- **What you should do**
Write out each record again exactly as it stands.

[Scraped caption text data]

.....

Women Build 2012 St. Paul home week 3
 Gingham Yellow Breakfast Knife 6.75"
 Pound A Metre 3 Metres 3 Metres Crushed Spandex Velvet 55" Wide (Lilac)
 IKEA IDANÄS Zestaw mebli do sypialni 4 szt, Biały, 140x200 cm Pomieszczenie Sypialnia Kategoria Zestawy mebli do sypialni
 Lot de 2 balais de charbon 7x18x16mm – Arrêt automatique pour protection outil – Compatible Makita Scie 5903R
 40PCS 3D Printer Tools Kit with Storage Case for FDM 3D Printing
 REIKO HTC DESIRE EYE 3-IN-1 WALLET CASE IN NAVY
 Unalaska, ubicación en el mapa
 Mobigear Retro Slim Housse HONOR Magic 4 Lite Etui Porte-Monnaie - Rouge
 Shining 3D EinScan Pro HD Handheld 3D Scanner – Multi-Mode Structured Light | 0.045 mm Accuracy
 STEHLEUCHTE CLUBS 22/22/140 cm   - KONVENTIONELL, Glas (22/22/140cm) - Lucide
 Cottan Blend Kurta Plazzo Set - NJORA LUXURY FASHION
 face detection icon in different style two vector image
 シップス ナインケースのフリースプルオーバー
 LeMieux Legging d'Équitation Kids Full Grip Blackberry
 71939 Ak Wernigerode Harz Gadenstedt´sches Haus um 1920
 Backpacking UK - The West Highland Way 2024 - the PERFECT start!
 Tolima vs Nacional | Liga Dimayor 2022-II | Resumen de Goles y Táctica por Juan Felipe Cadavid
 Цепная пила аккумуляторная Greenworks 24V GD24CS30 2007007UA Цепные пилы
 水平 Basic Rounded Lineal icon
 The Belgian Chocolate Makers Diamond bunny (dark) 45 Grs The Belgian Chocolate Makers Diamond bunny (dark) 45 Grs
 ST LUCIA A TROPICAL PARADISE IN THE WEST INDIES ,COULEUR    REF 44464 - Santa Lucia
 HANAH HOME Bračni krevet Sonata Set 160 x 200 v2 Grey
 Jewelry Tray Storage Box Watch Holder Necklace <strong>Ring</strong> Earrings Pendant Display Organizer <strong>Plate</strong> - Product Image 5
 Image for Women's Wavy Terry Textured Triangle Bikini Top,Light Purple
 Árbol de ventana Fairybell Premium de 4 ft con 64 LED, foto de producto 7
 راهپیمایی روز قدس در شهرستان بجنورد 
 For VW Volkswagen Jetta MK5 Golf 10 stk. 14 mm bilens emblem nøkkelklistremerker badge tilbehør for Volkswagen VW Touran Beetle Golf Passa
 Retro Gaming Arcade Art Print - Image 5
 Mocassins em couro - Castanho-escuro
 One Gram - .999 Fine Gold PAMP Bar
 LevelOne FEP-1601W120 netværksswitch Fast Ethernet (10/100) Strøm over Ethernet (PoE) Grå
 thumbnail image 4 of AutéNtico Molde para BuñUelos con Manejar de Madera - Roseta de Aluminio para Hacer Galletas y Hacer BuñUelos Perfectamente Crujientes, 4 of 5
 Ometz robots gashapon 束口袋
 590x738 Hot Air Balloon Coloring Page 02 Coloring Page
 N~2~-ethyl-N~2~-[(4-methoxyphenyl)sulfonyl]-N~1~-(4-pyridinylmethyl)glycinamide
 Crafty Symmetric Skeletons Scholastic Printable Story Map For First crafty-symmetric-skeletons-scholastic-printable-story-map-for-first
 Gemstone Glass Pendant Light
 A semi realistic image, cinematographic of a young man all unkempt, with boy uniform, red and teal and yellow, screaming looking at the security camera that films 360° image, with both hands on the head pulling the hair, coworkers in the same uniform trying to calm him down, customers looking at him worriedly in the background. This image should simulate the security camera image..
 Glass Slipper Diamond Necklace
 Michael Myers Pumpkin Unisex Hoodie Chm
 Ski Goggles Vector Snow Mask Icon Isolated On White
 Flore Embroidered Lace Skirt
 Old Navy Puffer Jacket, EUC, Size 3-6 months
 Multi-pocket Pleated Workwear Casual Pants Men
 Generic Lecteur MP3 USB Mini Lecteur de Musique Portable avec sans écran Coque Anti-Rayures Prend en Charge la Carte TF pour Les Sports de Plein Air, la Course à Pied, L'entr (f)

.....

- **The answer**
Women Build 2012 St. Paul home week 3
 Gingham Yellow Breakfast Knife 6.75"
 Pound A Metre 3 Metres 3 Metres Crushed Spandex Velvet 55" Wide (Lilac)
 IKEA IDANÄS Zestaw mebli do sypialni 4 szt, Biały, 140x200 cm Pomieszczenie Sypialnia Kategoria Zestawy mebli do sypialni
 Lot de 2 balais de charbon 7x18x16mm – Arrêt automatique pour protection outil – Compatible Makita Scie 5903R
 40PCS 3D Printer Tools Kit with Storage Case for FDM 3D Printing
 REIKO HTC DESIRE EYE 3-IN-1 WALLET CASE IN NAVY
 Unalaska, ubicación en el mapa
 Mobigear Retro Slim Housse HONOR Magic 4 Lite Etui Porte-Monnaie - Rouge
 Shining 3D EinScan Pro HD Handheld 3D Scanner – Multi-Mode Structured Light | 0.045 mm Accuracy
 STEHLEUCHTE CLUBS 22/22/140 cm   - KONVENTIONELL, Glas (22/22/140cm) - Lucide
 Cottan Blend Kurta Plazzo Set - NJORA LUXURY FASHION
 face detection icon in different style two vector image
 シップス ナインケースのフリースプルオーバー
 LeMieux Legging d'Équitation Kids Full Grip Blackberry
 71939 Ak Wernigerode Harz Gadenstedt´sches Haus um 1920
 Backpacking UK - The West Highland Way 2024 - the PERFECT start!
 Tolima vs Nacional | Liga Dimayor 2022-II | Resumen de Goles y Táctica por Juan Felipe Cadavid
 Цепная пила аккумуляторная Greenworks 24V GD24CS30 2007007UA Цепные пилы
 水平 Basic Rounded Lineal icon
 The Belgian Chocolate Makers Diamond bunny (dark) 45 Grs The Belgian Chocolate Makers Diamond bunny (dark) 45 Grs
 ST LUCIA A TROPICAL PARADISE IN THE WEST INDIES ,COULEUR    REF 44464 - Santa Lucia
 HANAH HOME Bračni krevet Sonata Set 160 x 200 v2 Grey
 Jewelry Tray Storage Box Watch Holder Necklace <strong>Ring</strong> Earrings Pendant Display Organizer <strong>Plate</strong> - Product Image 5
 Image for Women's Wavy Terry Textured Triangle Bikini Top,Light Purple
 Árbol de ventana Fairybell Premium de 4 ft con 64 LED, foto de producto 7
 راهپیمایی روز قدس در شهرستان بجنورد 
 For VW Volkswagen Jetta MK5 Golf 10 stk. 14 mm bilens emblem nøkkelklistremerker badge tilbehør for Volkswagen VW Touran Beetle Golf Passa
 Retro Gaming Arcade Art Print - Image 5
 Mocassins em couro - Castanho-escuro
 One Gram - .999 Fine Gold PAMP Bar
 LevelOne FEP-1601W120 netværksswitch Fast Ethernet (10/100) Strøm over Ethernet (PoE) Grå
 thumbnail image 4 of AutéNtico Molde para BuñUelos con Manejar de Madera - Roseta de Aluminio para Hacer Galletas y Hacer BuñUelos Perfectamente Crujientes, 4 of 5
 Ometz robots gashapon 束口袋
 590x738 Hot Air Balloon Coloring Page 02 Coloring Page
 N~2~-ethyl-N~2~-[(4-methoxyphenyl)sulfonyl]-N~1~-(4-pyridinylmethyl)glycinamide
 Crafty Symmetric Skeletons Scholastic Printable Story Map For First crafty-symmetric-skeletons-scholastic-printable-story-map-for-first
 Gemstone Glass Pendant Light
 A semi realistic image, cinematographic of a young man all unkempt, with boy uniform, red and teal and yellow, screaming looking at the security camera that films 360° image, with both hands on the head pulling the hair, coworkers in the same uniform trying to calm him down, customers looking at him worriedly in the background. This image should simulate the security camera image..
 Glass Slipper Diamond Necklace
 Michael Myers Pumpkin Unisex Hoodie Chm
 Ski Goggles Vector Snow Mask Icon Isolated On White
 Flore Embroidered Lace Skirt
 Old Navy Puffer Jacket, EUC, Size 3-6 months
 Multi-pocket Pleated Workwear Casual Pants Men
 Generic Lecteur MP3 USB Mini Lecteur de Musique Portable avec sans écran Coque Anti-Rayures Prend en Charge la Carte TF pour Les Sports de Plein Air, la Course à Pied, L'entr (f)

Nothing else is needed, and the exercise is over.